Wydawnictwo
WAB, Tytuł oryginału: Paris Revealed, Okładka twarda z obwolutą,
333 s., Moja ocena 5/6
Stephen
Clarke po raz kolejny mnie zadziwił i rozbawił.
Autor
podzielił książkę na 12 rozdziałów, w których przedstawia
prawie całkowity obraz miasta. Portretuje wszystko, co przyjdzie mu
do głowy, a o czym my sami często byśmy nawet nie pomyśleli:
paryskie ulice, ludzi; historię wody (opowiada m.in., jak to kilka
wieków temu woda z Sekwany była używana do pica, bleee); opisuje także
doskonale działające paryskie metro (chociaż wg. niego paryżanie są
tak głupi, że nie zauważają, że ich metro jest w przeważającej
części kolejka naziemną, co samo w sobie przeczy jego założeniu);
wspomina również o tym, z czym miasto najbardziej się kojarzy -
miłości i seksie; przybliża najważniejsze historyczne wydarzenia;
najlepsze targowiska, sklepy i podpowiada, jak odróżnić bardzo
dobre restauracje od złych i jak nie dać się oszukać w sklepie czy
w restauracji; wyjaśnia dlaczego Paryż stał się stolicą mody;
prezentuje filmową karierę miasta oraz daje wskazówki jak obcować
ze wspaniałą sztuką bez przepychanek w tłumie i kolejek i żeby
nie wyjść przed paryżanami na kompletnego głupca. Myślicie, że to
proste? To tylko wam się tak wydaje.
Z
książki dowiemy się także, jakie jest w Paryżu najbardziej
romantyczne i najpaskudniejsze miejsce. Gdzie należy swojej drugiej
połówce powiedzieć kocham cię. Dowiemy się także, dlaczego
paryscy mężczyżni mają zwyczaj sikać na ulicy i czy i dlaczego
uchodzi im to płazem. Dowiemy się także dlaczego paryżanie mają
do jedzenia stosunek wręcz seksualny i co jest największym paryskim
koszmarem (oczywiście dla cudzoziemca).
Clark
udowadnia nam także, że to czego oczekujemy po Paryżu, jako turyści
– romantyzm i historia, to banał i ułuda. Obala więc kilka
naprawdę porządnie w naszej świadomości ugruntowanych mitów dot.

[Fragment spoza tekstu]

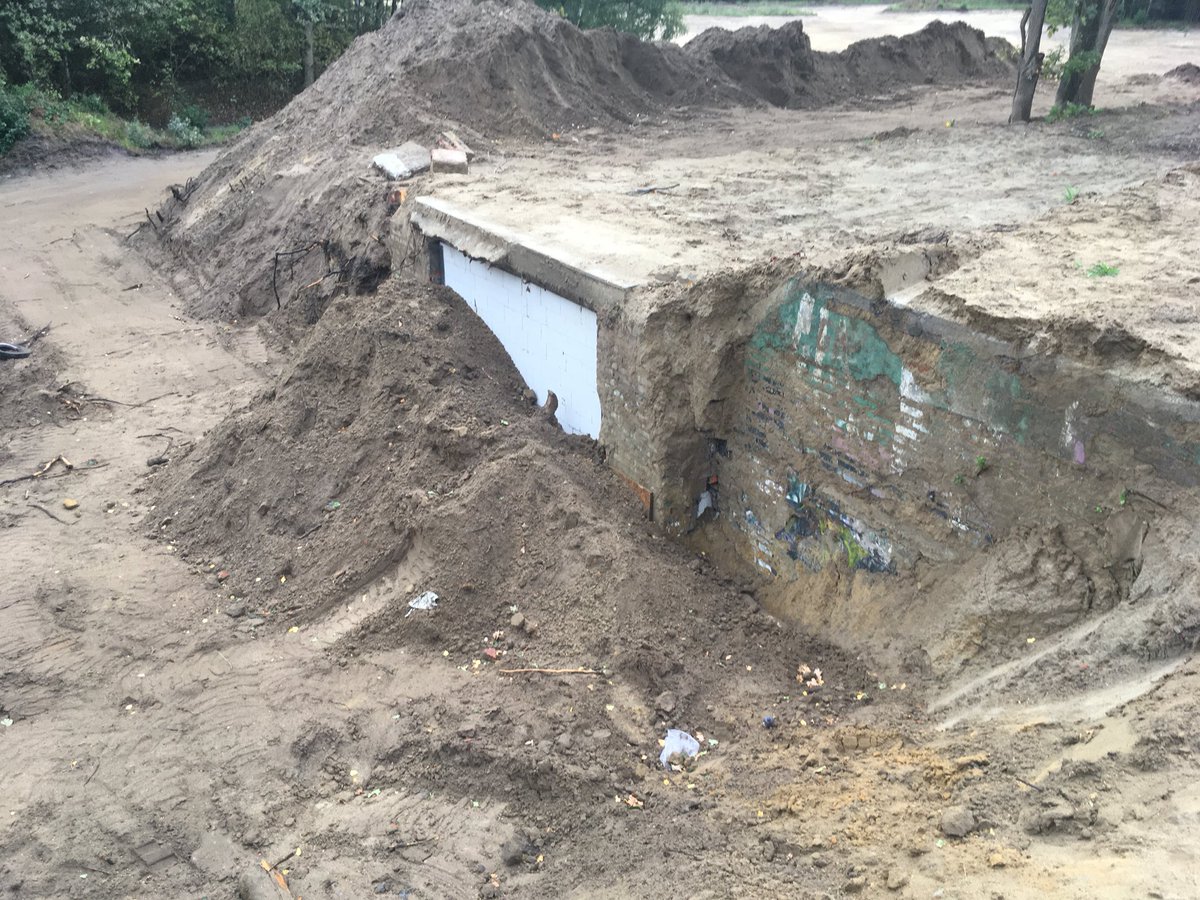 BoswachterEdJ's tweet photo. Eindelijk is het zo ver! De oude steenfabriek op de #Vinkenberg doet z’n laatste oogje toe en gaat vanaf nu door het leven als ondergronds vleermuizenhotel! https://t.co/END3hyE9R7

tego miasta. Jak to robi i dlaczego? Tego dowiecie się w trakcie
lektury, a na prawdę warto.
Dla
tych, którzy wybierają się do Paryża, są to niezmiernie ważne
wskazówki. Niby takie drobiazgi, a naprawdę ich nieznajomość
potrafi uprzykrzyć pobyt w stolicy świata, jak miasto nazywają
jego mieszkańcy.
Bardzo
dużo miejsca poświęcił autor wzorcowym wręcz ksenofobicznym
mieszkańcom Paryża, jakimi są...kelnerzy. Dowiadujemy się, co
można (a nie wiele klientowi wolno), a czego nie wolno (tego jest
bardzo długa lista).
Np.
zwykłe przeglądanie menu. Wydawało by się, nie ma nic
prostszego. Autor radzi nam, że w momencie, gdy do stolika podejdzie
kelner z pytaniem, czy już wybraliśmy, zanim odpowiemy twierdząco,
musimy upewnić się, że wszyscy przy stoliku podjęli ostateczną
decyzję. Najmniejszy przejaw wahania z czyjejkolwiek strony będzie
oznaczał, że kłamiemy, a kara za to jest surowa. Najłagodniejsze
będzie wzniesienie przez kelnera oczu do nieba, rzucenie klątwy i
mamrotanie komentarzy o głupich turystach. Następnie kelner zniknie
na kilkanaście minut, podczas gdy my będziemy go bezskutecznie
przywoływać. Przestaniemy po prostu dla niego istnieć.
Jak
powiedział Aleksander Dumas, syn:
Bóg
wymyślił paryżan, żeby cudzoziemcy nie mogli zrozumieć Francuzów.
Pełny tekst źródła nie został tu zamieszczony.